■ WHAT TO PRODUCE
In this exercise, every entry is to be transcribed exactly as written.

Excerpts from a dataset

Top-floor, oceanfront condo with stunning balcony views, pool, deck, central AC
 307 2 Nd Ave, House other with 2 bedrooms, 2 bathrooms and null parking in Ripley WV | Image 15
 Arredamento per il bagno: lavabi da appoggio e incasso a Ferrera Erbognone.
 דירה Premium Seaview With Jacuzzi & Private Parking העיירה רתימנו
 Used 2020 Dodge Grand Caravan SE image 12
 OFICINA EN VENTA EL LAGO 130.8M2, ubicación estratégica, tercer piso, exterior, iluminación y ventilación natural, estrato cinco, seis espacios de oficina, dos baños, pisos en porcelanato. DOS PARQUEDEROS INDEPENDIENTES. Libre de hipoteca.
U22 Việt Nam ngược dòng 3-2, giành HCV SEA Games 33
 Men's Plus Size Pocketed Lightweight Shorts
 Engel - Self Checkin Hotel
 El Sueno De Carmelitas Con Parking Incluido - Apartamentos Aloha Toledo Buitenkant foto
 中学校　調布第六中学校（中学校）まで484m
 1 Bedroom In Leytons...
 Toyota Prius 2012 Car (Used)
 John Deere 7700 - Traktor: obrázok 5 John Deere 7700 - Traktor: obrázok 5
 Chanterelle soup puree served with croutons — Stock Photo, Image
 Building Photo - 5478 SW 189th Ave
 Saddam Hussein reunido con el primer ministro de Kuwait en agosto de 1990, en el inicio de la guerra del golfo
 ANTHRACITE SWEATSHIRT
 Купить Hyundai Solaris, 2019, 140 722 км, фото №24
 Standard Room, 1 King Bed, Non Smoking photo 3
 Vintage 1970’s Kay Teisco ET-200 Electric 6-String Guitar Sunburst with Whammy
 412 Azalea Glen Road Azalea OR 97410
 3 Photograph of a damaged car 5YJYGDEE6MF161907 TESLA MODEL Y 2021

■ YOUR RESPONSE
Top-floor, oceanfront condo with stunning balcony views, pool, deck, central AC
 307 2 Nd Ave, House other with 2 bedrooms, 2 bathrooms and null parking in Ripley WV | Image 15
 Arredamento per il bagno: lavabi da appoggio e incasso a Ferrera Erbognone.
 דירה Premium Seaview With Jacuzzi & Private Parking העיירה רתימנו
 Used 2020 Dodge Grand Caravan SE image 12
 OFICINA EN VENTA EL LAGO 130.8M2, ubicación estratégica, tercer piso, exterior, iluminación y ventilación natural, estrato cinco, seis espacios de oficina, dos baños, pisos en porcelanato. DOS PARQUEDEROS INDEPENDIENTES. Libre de hipoteca.
U22 Việt Nam ngược dòng 3-2, giành HCV SEA Games 33
 Men's Plus Size Pocketed Lightweight Shorts
 Engel - Self Checkin Hotel
 El Sueno De Carmelitas Con Parking Incluido - Apartamentos Aloha Toledo Buitenkant foto
 中学校　調布第六中学校（中学校）まで484m
 1 Bedroom In Leytons...
 Toyota Prius 2012 Car (Used)
 John Deere 7700 - Traktor: obrázok 5 John Deere 7700 - Traktor: obrázok 5
 Chanterelle soup puree served with croutons — Stock Photo, Image
 Building Photo - 5478 SW 189th Ave
 Saddam Hussein reunido con el primer ministro de Kuwait en agosto de 1990, en el inicio de la guerra del golfo
 ANTHRACITE SWEATSHIRT
 Купить Hyundai Solaris, 2019, 140 722 км, фото №24
 Standard Room, 1 King Bed, Non Smoking photo 3
 Vintage 1970’s Kay Teisco ET-200 Electric 6-String Guitar Sunburst with Whammy
 412 Azalea Glen Road Azalea OR 97410
 3 Photograph of a damaged car 5YJYGDEE6MF161907 TESLA MODEL Y 2021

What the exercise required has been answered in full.